### TRY IT:
Below is a block of entries; repeat exactly the lines starting at the line that contains "Wrangler Bermuda Grass Seed - Seed World" and ending at the line that contains "МЯСО СЛОНА Ножка", both included.

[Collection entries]

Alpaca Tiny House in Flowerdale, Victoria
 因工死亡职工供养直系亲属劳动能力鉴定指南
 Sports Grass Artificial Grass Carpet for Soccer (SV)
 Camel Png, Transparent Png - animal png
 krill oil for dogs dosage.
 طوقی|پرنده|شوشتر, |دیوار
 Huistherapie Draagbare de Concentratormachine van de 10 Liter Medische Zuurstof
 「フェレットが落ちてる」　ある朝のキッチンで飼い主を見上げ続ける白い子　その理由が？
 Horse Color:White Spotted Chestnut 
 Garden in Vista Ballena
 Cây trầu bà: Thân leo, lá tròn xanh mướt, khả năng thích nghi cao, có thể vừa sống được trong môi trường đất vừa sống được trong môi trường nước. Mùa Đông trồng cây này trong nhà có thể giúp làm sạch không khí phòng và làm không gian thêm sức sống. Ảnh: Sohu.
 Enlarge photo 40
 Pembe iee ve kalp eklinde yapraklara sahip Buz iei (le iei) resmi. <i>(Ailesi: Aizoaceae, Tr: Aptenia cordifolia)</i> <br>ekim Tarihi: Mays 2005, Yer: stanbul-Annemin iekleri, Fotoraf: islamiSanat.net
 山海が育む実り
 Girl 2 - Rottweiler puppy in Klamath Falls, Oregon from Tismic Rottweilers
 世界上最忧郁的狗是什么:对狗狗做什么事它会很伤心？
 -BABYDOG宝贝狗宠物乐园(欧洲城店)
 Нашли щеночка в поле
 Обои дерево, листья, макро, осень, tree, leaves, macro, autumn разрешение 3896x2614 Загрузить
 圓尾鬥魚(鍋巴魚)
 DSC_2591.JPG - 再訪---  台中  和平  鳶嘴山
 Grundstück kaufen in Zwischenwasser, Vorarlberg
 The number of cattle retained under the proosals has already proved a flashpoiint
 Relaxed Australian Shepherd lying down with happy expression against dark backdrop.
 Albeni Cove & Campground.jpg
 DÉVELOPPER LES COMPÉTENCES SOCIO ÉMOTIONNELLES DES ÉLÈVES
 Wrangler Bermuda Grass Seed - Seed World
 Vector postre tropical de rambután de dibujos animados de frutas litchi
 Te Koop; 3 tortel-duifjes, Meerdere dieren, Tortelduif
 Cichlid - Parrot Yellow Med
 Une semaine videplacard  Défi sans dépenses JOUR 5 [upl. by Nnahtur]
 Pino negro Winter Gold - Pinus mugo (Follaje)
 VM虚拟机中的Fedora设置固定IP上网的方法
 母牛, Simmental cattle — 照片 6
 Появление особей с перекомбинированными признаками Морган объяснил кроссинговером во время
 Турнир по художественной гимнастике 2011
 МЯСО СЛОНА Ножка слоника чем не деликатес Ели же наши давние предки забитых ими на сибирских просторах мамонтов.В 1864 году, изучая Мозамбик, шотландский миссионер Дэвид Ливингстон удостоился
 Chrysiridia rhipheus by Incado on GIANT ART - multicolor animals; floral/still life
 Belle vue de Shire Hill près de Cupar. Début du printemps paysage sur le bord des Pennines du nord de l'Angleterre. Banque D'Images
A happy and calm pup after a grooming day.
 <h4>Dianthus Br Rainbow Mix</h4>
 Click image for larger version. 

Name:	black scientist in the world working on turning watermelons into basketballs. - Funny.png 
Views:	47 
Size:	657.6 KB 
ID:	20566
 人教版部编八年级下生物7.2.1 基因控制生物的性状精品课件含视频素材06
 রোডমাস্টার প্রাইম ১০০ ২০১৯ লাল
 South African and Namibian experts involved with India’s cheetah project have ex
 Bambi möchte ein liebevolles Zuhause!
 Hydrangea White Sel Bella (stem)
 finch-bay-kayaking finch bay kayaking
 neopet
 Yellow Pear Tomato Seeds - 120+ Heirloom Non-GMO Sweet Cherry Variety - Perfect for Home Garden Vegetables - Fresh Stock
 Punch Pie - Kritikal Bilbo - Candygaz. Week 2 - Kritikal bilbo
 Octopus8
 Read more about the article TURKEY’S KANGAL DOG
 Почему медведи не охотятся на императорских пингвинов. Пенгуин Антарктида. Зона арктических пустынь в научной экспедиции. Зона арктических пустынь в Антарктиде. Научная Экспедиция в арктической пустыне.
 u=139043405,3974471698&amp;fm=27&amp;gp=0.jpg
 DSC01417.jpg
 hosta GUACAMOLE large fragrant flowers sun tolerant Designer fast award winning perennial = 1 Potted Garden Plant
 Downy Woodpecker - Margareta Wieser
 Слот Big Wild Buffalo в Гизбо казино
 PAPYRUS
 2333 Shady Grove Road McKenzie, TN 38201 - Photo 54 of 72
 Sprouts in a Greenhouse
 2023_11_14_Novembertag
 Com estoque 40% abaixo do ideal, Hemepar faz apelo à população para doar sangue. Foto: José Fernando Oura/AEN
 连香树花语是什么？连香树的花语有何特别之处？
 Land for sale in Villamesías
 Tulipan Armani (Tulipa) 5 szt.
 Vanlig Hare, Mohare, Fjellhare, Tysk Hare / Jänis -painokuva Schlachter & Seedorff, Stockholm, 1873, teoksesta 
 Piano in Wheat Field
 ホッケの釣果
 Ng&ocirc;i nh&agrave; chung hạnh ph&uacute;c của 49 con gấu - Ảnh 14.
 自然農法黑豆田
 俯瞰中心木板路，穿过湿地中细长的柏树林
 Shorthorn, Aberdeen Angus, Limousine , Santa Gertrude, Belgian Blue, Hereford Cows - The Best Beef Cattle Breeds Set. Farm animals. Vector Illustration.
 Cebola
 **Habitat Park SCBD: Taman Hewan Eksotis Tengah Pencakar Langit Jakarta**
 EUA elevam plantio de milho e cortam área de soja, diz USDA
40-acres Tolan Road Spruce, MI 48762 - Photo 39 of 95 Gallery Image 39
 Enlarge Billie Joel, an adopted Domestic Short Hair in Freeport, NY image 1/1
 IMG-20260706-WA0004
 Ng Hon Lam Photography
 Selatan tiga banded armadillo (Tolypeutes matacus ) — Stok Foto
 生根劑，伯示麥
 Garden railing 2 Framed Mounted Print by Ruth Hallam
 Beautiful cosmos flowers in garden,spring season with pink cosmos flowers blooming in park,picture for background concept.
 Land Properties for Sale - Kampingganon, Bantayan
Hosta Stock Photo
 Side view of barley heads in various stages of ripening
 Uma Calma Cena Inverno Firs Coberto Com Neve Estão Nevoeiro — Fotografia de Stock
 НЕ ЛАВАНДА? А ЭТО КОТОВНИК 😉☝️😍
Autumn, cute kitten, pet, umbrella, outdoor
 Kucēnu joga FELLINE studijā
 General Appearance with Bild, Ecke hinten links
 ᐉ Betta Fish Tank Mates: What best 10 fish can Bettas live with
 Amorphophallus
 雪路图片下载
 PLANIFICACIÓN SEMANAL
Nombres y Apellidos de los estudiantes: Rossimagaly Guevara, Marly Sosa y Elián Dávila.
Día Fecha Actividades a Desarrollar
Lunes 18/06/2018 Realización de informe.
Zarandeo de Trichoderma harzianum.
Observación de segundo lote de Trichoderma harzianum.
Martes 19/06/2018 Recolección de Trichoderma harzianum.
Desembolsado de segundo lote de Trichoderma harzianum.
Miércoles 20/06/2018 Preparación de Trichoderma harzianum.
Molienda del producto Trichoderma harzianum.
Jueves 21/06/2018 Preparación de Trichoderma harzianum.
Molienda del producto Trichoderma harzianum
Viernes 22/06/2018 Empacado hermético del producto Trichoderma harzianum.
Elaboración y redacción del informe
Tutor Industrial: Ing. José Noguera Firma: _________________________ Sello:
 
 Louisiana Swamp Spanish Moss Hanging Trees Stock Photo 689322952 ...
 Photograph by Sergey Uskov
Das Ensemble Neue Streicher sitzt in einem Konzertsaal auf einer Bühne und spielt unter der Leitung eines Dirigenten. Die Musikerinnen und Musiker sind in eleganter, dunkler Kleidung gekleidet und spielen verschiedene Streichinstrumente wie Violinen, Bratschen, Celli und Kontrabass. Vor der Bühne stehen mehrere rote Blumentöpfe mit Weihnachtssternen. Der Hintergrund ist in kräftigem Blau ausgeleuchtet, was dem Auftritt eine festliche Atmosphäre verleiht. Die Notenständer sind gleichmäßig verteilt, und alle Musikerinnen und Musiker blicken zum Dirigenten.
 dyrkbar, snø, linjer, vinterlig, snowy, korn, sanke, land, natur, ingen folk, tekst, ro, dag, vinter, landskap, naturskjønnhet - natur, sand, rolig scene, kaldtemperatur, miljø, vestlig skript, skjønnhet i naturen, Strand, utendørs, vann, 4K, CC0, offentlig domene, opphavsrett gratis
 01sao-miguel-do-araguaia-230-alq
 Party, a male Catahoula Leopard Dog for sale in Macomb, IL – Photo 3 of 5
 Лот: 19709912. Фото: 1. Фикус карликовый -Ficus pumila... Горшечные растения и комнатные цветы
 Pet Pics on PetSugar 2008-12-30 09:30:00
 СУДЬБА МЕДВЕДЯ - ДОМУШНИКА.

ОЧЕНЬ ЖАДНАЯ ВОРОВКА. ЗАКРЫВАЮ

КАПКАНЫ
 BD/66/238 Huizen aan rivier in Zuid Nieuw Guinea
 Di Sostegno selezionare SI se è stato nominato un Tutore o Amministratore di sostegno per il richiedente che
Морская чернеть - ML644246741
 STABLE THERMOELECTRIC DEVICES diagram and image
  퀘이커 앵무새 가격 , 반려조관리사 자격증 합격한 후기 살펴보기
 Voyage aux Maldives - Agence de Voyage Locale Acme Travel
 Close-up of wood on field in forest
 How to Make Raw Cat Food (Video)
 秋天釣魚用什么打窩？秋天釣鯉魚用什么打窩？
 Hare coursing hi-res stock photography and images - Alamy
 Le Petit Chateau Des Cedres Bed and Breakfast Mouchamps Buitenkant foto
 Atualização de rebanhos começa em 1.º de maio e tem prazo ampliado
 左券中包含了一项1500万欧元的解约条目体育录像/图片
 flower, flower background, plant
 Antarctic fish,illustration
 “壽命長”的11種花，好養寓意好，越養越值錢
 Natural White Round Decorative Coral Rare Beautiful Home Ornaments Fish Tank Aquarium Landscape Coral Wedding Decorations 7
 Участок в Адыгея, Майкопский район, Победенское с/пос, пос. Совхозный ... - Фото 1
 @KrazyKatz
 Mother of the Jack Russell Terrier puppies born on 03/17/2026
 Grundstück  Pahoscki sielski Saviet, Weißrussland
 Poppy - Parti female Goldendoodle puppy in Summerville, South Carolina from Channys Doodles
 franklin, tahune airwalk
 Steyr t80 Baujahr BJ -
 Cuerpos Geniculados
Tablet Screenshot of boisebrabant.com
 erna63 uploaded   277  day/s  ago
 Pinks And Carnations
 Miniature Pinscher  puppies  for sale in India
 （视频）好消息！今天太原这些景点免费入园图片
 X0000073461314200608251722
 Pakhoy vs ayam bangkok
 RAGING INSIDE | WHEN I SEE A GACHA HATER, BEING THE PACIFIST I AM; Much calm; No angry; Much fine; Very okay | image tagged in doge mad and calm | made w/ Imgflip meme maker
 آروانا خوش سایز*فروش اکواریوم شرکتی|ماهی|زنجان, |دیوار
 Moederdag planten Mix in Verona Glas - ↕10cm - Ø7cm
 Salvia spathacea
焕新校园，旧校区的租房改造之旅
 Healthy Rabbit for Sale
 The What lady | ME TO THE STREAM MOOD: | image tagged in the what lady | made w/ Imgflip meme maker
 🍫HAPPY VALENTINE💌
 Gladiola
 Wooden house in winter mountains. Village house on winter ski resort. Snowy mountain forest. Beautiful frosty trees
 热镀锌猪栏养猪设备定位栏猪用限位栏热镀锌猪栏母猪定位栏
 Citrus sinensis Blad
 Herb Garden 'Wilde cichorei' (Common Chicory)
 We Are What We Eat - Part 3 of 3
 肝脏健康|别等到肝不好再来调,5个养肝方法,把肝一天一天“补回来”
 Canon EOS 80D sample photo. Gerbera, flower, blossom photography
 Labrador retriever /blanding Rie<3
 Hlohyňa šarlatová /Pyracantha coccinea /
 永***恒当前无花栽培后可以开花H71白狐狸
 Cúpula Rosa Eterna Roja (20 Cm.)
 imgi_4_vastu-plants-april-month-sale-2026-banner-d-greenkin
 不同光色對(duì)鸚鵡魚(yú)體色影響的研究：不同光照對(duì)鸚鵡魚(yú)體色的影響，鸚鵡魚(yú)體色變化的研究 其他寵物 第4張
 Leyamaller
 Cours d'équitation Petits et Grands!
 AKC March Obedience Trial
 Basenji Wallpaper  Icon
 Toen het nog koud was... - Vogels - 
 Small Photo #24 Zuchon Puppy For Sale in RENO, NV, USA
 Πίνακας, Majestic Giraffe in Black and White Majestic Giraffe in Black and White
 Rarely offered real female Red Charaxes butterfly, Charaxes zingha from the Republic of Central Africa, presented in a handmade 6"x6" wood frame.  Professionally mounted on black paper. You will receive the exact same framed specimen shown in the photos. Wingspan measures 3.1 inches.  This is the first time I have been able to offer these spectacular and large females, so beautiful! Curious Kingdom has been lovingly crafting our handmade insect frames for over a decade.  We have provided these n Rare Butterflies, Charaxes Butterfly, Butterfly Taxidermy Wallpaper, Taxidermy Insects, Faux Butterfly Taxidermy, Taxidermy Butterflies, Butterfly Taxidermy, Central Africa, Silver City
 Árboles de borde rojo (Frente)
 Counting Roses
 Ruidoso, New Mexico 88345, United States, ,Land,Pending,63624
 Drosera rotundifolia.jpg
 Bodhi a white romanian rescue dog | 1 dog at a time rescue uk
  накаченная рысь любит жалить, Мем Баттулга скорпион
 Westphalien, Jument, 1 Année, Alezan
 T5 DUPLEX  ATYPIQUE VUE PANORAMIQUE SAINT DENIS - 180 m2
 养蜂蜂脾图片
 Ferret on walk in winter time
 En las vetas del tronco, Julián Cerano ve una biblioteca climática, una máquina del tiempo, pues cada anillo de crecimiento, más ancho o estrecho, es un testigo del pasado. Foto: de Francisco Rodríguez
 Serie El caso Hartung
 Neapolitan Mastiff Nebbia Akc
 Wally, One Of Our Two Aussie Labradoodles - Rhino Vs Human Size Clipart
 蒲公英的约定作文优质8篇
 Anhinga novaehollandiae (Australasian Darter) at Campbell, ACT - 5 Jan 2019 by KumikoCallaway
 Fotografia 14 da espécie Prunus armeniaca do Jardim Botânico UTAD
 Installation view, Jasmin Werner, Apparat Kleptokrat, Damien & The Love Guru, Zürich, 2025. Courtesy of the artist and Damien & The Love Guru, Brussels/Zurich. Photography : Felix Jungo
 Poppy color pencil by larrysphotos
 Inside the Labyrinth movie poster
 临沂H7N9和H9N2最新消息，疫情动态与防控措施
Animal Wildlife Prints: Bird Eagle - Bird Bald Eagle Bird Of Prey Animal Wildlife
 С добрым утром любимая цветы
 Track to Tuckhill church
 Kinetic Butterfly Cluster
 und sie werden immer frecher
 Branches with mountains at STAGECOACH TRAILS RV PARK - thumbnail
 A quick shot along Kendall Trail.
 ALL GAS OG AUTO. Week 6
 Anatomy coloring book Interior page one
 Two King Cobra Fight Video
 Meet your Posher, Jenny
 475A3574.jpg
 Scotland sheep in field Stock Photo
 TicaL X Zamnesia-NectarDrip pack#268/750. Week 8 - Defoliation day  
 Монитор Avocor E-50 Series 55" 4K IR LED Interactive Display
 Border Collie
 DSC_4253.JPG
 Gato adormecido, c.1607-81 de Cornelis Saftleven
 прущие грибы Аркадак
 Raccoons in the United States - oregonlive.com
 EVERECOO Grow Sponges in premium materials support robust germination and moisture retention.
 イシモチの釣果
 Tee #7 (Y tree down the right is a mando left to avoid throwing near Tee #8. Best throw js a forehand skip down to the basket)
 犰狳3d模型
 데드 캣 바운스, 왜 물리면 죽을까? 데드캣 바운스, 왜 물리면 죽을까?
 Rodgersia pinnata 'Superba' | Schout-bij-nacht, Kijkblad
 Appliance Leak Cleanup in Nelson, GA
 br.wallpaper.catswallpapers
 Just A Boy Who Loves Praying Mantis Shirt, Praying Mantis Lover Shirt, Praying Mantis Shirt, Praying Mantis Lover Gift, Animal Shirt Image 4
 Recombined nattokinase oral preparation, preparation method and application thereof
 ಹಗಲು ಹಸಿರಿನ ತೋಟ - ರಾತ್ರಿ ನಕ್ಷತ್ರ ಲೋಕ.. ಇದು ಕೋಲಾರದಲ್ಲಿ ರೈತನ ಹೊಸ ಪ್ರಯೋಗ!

### TASK RESULT:
 Wrangler Bermuda Grass Seed - Seed World
 Vector postre tropical de rambután de dibujos animados de frutas litchi
 Te Koop; 3 tortel-duifjes, Meerdere dieren, Tortelduif
 Cichlid - Parrot Yellow Med
 Une semaine videplacard  Défi sans dépenses JOUR 5 [upl. by Nnahtur]
 Pino negro Winter Gold - Pinus mugo (Follaje)
 VM虚拟机中的Fedora设置固定IP上网的方法
 母牛, Simmental cattle — 照片 6
 Появление особей с перекомбинированными признаками Морган объяснил кроссинговером во время
 Турнир по художественной гимнастике 2011
 МЯСО СЛОНА Ножка слоника чем не деликатес Ели же наши давние предки забитых ими на сибирских просторах мамонтов.В 1864 году, изучая Мозамбик, шотландский миссионер Дэвид Ливингстон удостоился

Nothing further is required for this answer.